TWILIGHT WOMEN. Independent Film Distributors / Lippert, 1952. Originally released in the UK as Women of Twilight. René Ray, Lois Maxwell, Freda Jackson, Vida Hope, Joan Dowling, Laurence Harvey. Screenplay by Anatole de Grunwald, based on a play by Sylvia Rayman. Director: Gordon Parry.


   On the Obscure Movie front, several years ago I encountered an unintentionally bizarre little item called Twilight Women, made in Great Britain back in 1952. The word “twilight” had a specific connotation in sleazy paperbacks of those days, but the Twilight Women of this film all happen to be unwed mothers.

   Hard to believe now, but fifty years ago, Unwed Motherhood was a brand of shame roughly equivalent to a criminal record. In fact, the home for single-parents-to-be in Twilight Women is not unlike a prison at all, with its corrupt warden/landlady, her venal and sub-normal hench-persons, and the assorted tough gals, tramps and frightened innocents stuck in her care.
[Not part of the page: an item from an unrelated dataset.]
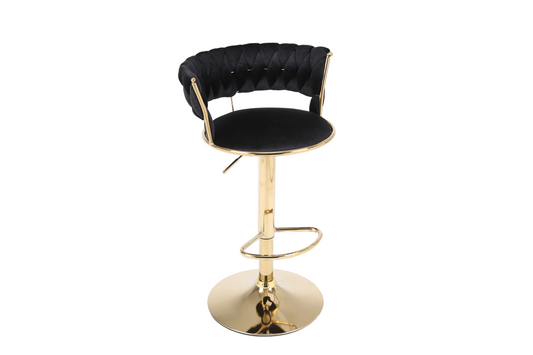 Camilla Black & Gold Velvet Bar Stool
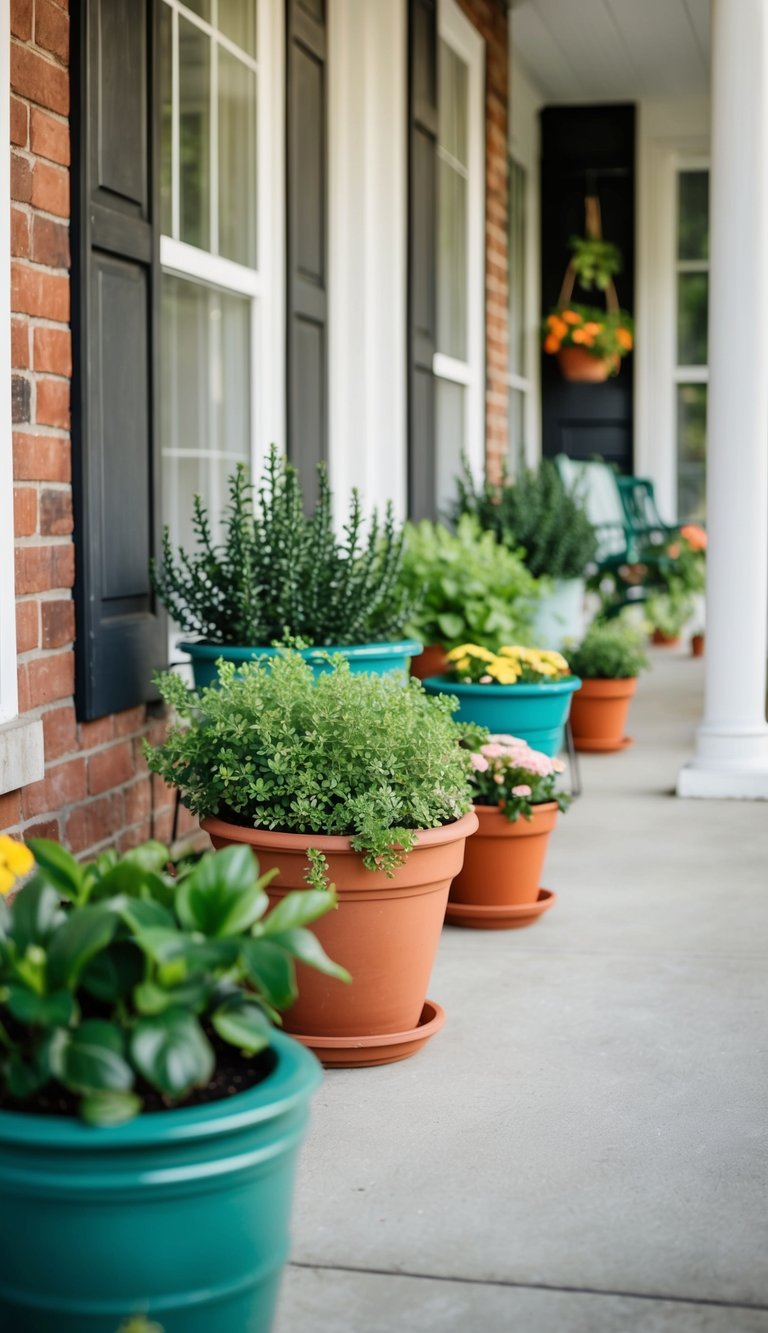 Potted plants line a front porch, adding greenery and color to the space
   Their stories play out with surprising intelligence and compassion, however (the adaptation of Sylvia Raymond’s play being done by Anatole de Grunewald, who was rather good at it) and while the film never tries for explicit social commentary, its depiction of women made victims of society’s moral code leaves little doubt of whom we should root for.


   This is, however, no message picture; it’s far too weird for that. For one thing, the print I saw had an odd blue tint to it, giving it the appearance of a Guy Madden film. For another, there’s a sort of introduction, in which the faces of the ladies morph eerily into one another.

   And strangest of all is the fleeting presence of Laurence Harvey, early in his career, playing some sort of lounge lizard. The sight (and sound) of this patently-hateful actor charming the ladies and belting out love songs in an obviously-dubbed baritone must be seen to be disbelieved.

   Or perhaps you shouldn’t. I still hear him sometimes, in the long dark nights of the soul…

Editorial comment:   We all know who Lois Maxwell is, I’m sure. She’s one of the young mothers in Twilight Women, while René Ray, whose photo you see below, plays another, she being gangster moll Viv Bruce — the gangster being Jerry Nolan, the low-life club singer played by Laurence Harvey, whose role in the film was pointed out so perceptively by Dan. (I am not positive, but I believe it is also René Ray’s photo on the DVD cover above.)